In the case of three wire system, only the potentials $L1$, $L2$ and $L3$ are provided and used for power transfer.

Example

The example in the following simulation shows a $50Hz$ / $231V$ three-phase three-wire system with unbalanced load in Wye connection, with the given impedances.

  • Calculate the phase currents $I_1$, $I_2$, $I_3$, the neutral current $I_N$
  • Calculate the true power, apparent power and reactive power.

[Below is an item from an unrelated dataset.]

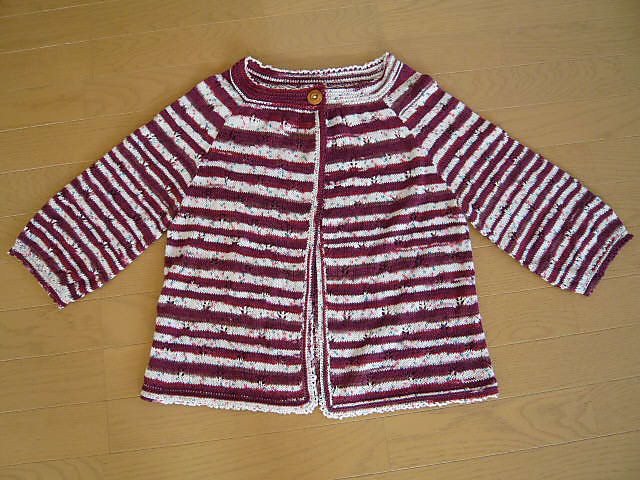 #12  Raglan Sleeve Cardigan 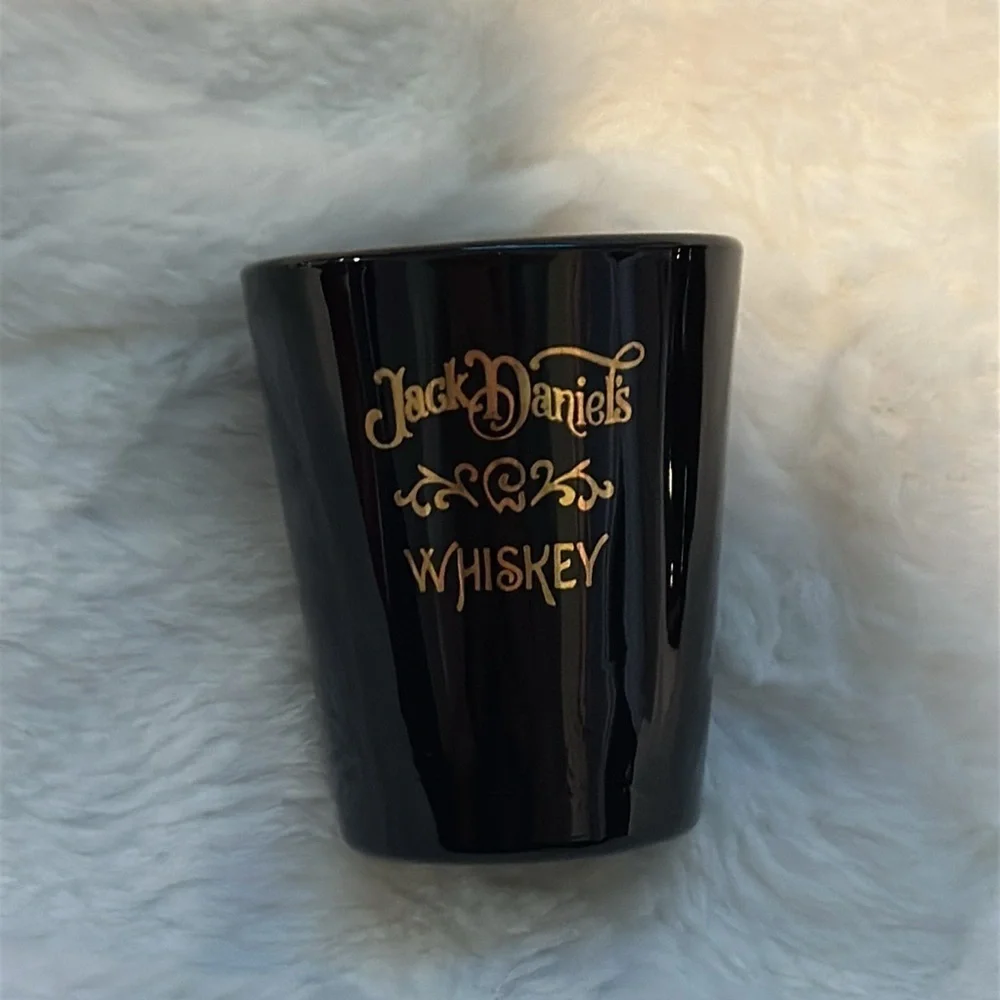 Jack Daniel's shot glasses EUC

The following simulation has the same impedances in the load, but the load does not provide a neutral connection.

Voltages - Currents - True Power - Aparrent and Reactive Power


The simulation differs in the following:

  • The network star voltages $\underline{U}_{1N}$, $\underline{U}_{2N}$, $\underline{U}_{3N}$ related to the neutral potential $\underline{U}_N$, and the load star voltages $\underline{U}_{1S}$, $\underline{U}_{2S}$, $\underline{U}_{3S}$ related to the star potential of the load are separated.
  • The star point voltage $\underline{U}_{KN}$ is shown.
  • With the switch $S$, the star potential can short-circuited to the neutral potential; so set $\underline{U}_{KN}=0$. This enables a comparison with the previous four-wire three-phase system.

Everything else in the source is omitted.